Lanciata da Giovani Comunisti/e

Ogni anno assistiamo alla somministrazione delle prove INVALSI che hanno, come dichiara il ministero, l’obbiettivo di verificare le competenze degli studenti in alcuni ambiti, valutandoli poi tramite punteggi e inserendoli in una graduatoria.

Come studenti e insegnanti contestiamo nel merito  il sistema di valutazione che portano questo prove, che passa dall’essere in capo agli insegnanti (che  conoscono studenti e studentesse ed eventuali particolarità delle classi) all’essere gestita da agenzie esterne che, oltre a non conoscere le specificità delle singole scuole, costano anche molto alle casse dello Stato e propongono un sistema standardizzato per valutare percorsi individuali diversi tra loro.
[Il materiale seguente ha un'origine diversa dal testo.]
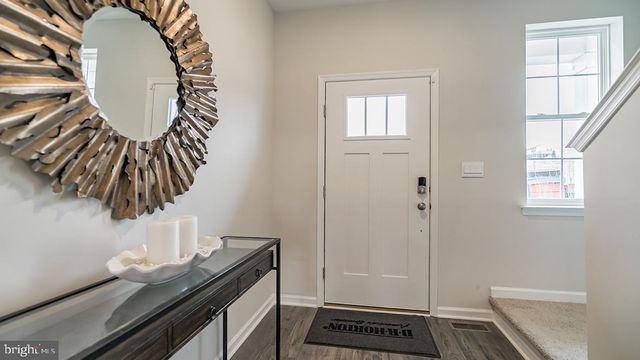 1081 MEADOWLARK DRIVE, Fogelsville, PA 18051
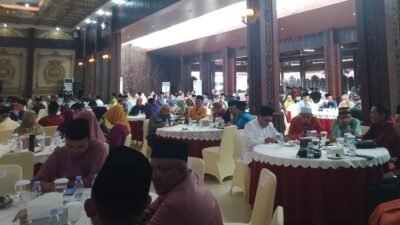 "IAIN Pontianak menjadi tuan rumah Konferensi Antar Bangsa Islam Borneo (KAIB) ke-XVI tahun 2025. Rektor IAIN Pontianak Syarif membahas pentingnya peran akademisi dalam menanggapi isu lingkungan dan krisis kemanusiaan. "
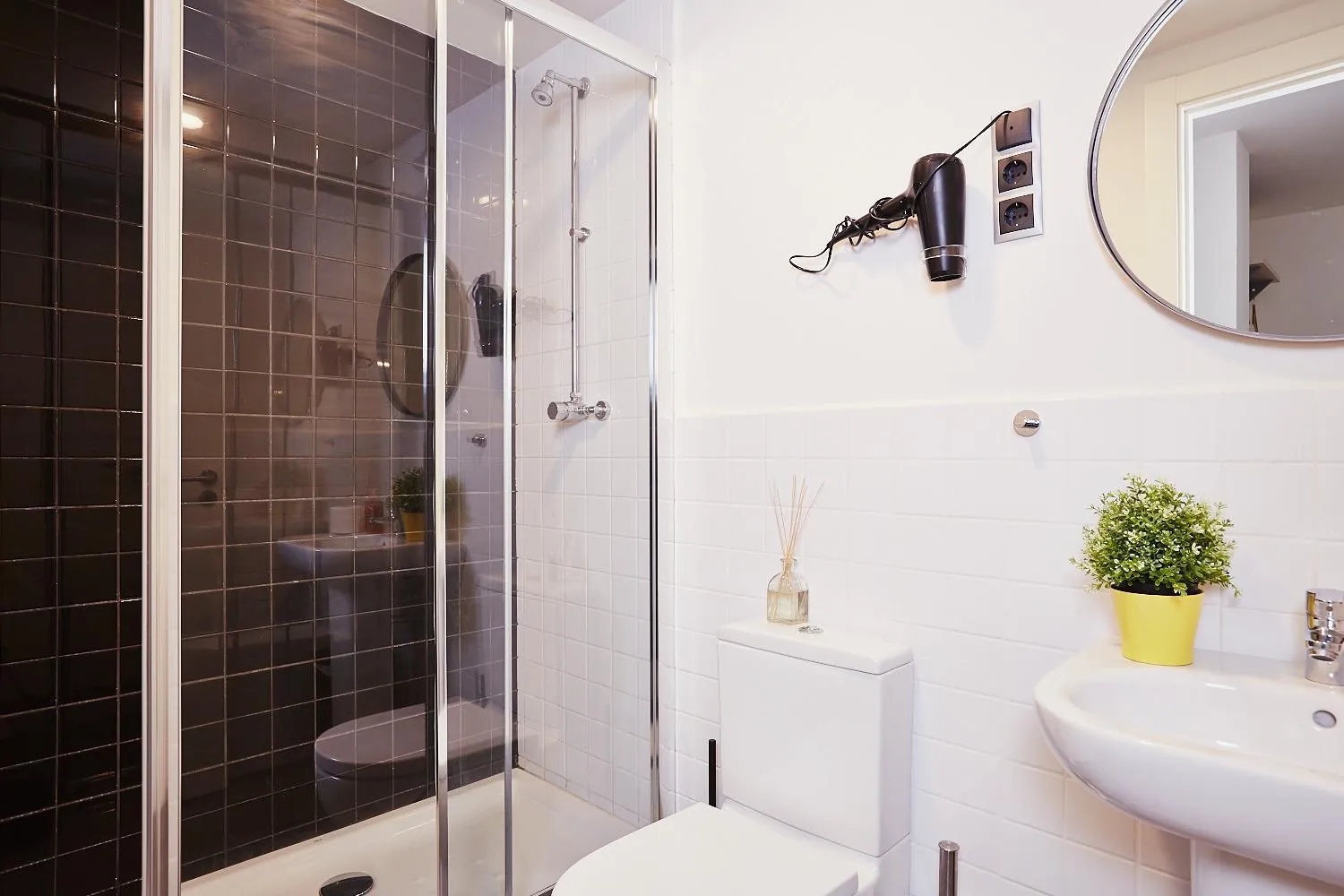 Bathroom in Free Hostels Barcelona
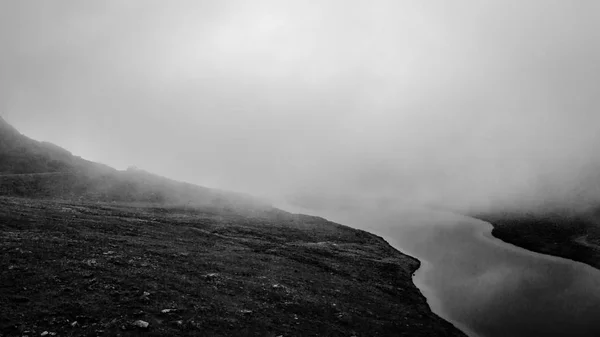 Dia Nublado Nas Montanhas Dos Alpes Cárnicos Província Udine Friuli — Fotografia de Stock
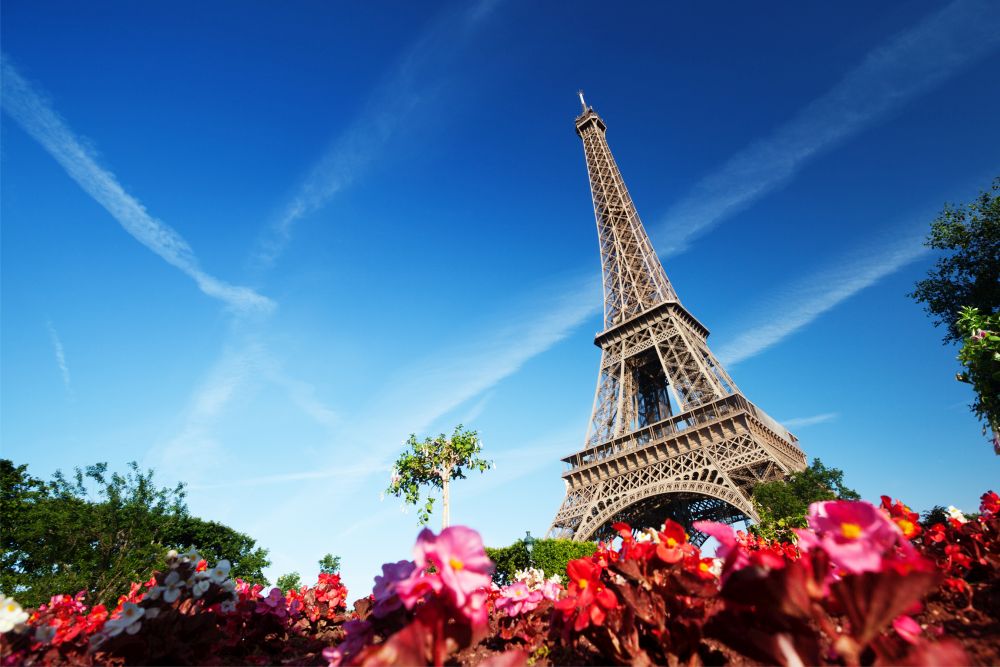 Tour Châu Âu 2025: Hành Trình 3 Nước Cung Đường Lãng Mạn Châu Âu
Infine la distribuzione dei fondi europei del PNRR, finalizzati alla dispersione scolastica sono vanificati nell’obiettivo, in quanto in base al decreto del Ministero n. 57/2022 i fondi vanno paradossalmente a escludere proprio le scuole con punteggio inferiore, stabilito dalle prove INVALSI, rispetto a quelle con punteggio superiore, creando così scuole di serie A e scuole di serie B.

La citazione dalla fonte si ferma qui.